# Requirement
Search the entries below. Return every line that has "with" in it.

# Records for the task
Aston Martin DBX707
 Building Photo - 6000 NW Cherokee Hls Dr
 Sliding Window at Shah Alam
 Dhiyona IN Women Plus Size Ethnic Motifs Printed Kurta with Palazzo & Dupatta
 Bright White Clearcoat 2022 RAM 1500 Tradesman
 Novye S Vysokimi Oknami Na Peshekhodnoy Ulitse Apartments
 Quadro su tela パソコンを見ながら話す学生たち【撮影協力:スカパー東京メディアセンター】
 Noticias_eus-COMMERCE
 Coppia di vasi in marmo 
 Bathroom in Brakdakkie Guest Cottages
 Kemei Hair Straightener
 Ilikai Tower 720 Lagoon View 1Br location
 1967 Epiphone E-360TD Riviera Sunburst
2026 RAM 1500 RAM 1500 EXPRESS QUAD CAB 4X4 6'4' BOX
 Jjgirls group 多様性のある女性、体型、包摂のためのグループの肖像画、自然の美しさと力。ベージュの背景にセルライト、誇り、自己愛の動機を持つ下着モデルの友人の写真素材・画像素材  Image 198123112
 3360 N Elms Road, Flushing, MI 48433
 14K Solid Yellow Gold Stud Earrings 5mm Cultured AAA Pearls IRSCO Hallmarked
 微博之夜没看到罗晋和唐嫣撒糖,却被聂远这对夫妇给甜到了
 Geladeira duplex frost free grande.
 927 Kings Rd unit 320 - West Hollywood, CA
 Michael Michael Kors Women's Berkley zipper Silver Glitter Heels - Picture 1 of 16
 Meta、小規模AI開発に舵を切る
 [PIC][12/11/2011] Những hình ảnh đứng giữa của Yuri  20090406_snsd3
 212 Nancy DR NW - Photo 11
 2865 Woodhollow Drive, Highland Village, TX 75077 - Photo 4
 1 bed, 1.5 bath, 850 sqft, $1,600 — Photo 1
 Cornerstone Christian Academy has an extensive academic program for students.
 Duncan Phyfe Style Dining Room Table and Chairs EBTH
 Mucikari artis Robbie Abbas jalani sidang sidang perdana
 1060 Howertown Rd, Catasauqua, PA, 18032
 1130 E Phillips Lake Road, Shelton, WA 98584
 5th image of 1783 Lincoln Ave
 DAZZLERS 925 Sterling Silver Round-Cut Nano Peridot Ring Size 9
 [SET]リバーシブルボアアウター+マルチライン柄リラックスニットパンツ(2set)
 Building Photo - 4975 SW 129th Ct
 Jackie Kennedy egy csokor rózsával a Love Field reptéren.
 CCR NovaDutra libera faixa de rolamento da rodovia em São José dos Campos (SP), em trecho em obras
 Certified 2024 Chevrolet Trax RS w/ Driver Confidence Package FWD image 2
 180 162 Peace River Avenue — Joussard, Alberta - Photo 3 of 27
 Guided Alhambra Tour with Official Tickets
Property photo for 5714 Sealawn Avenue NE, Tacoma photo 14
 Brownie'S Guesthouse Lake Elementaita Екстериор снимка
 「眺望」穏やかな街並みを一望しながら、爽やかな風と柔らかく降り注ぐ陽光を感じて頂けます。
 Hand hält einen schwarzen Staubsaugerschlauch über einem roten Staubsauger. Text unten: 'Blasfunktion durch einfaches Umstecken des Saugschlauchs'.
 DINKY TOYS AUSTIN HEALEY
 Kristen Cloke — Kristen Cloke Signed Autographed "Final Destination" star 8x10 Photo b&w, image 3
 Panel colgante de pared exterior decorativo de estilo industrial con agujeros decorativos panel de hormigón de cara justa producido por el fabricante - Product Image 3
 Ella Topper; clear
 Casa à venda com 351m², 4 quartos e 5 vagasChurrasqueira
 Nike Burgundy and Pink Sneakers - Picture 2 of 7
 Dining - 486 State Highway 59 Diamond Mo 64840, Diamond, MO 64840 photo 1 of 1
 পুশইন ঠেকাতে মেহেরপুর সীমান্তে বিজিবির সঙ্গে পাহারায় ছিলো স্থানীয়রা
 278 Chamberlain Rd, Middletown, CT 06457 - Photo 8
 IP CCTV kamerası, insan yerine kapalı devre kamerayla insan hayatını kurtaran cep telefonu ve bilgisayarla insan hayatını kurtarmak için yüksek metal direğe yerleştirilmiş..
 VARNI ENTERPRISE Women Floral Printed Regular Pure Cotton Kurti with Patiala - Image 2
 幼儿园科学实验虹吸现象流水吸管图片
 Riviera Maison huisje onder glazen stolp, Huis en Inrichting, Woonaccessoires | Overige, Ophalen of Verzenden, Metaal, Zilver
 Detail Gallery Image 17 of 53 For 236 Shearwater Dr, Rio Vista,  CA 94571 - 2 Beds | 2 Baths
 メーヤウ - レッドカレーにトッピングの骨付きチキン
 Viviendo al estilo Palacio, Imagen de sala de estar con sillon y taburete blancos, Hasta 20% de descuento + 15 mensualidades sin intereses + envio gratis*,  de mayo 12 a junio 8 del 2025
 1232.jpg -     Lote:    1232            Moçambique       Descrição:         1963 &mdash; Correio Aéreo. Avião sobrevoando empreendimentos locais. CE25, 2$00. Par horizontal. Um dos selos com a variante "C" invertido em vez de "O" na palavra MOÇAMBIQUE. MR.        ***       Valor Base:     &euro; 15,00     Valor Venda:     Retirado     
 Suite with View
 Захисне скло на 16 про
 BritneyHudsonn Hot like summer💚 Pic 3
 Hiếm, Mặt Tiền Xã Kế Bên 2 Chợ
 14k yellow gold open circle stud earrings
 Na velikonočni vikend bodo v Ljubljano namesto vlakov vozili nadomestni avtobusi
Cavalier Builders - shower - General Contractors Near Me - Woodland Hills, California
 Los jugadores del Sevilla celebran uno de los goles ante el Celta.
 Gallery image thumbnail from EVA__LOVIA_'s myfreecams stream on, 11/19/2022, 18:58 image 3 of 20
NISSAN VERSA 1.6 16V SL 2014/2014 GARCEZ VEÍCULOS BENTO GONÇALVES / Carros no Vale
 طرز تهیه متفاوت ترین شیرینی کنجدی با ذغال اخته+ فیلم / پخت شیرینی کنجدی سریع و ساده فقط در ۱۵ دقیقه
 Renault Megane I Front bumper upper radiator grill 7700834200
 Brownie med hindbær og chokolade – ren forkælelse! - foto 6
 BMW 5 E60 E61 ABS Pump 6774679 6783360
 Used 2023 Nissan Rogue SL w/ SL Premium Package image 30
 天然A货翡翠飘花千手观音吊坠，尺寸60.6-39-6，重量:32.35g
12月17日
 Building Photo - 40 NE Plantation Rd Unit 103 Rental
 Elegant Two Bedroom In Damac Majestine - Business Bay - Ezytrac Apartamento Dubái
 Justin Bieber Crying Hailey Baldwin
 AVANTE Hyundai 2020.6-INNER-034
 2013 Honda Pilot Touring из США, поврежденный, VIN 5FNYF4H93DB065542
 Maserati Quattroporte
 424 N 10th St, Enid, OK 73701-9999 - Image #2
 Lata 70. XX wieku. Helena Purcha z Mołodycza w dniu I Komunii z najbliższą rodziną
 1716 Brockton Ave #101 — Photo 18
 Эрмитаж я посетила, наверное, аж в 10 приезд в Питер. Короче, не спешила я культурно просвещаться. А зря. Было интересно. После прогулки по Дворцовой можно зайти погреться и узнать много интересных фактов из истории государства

# Final answer
 Dhiyona IN Women Plus Size Ethnic Motifs Printed Kurta with Palazzo & Dupatta
 Guided Alhambra Tour with Official Tickets
 VARNI ENTERPRISE Women Floral Printed Regular Pure Cotton Kurti with Patiala - Image 2
 Suite with View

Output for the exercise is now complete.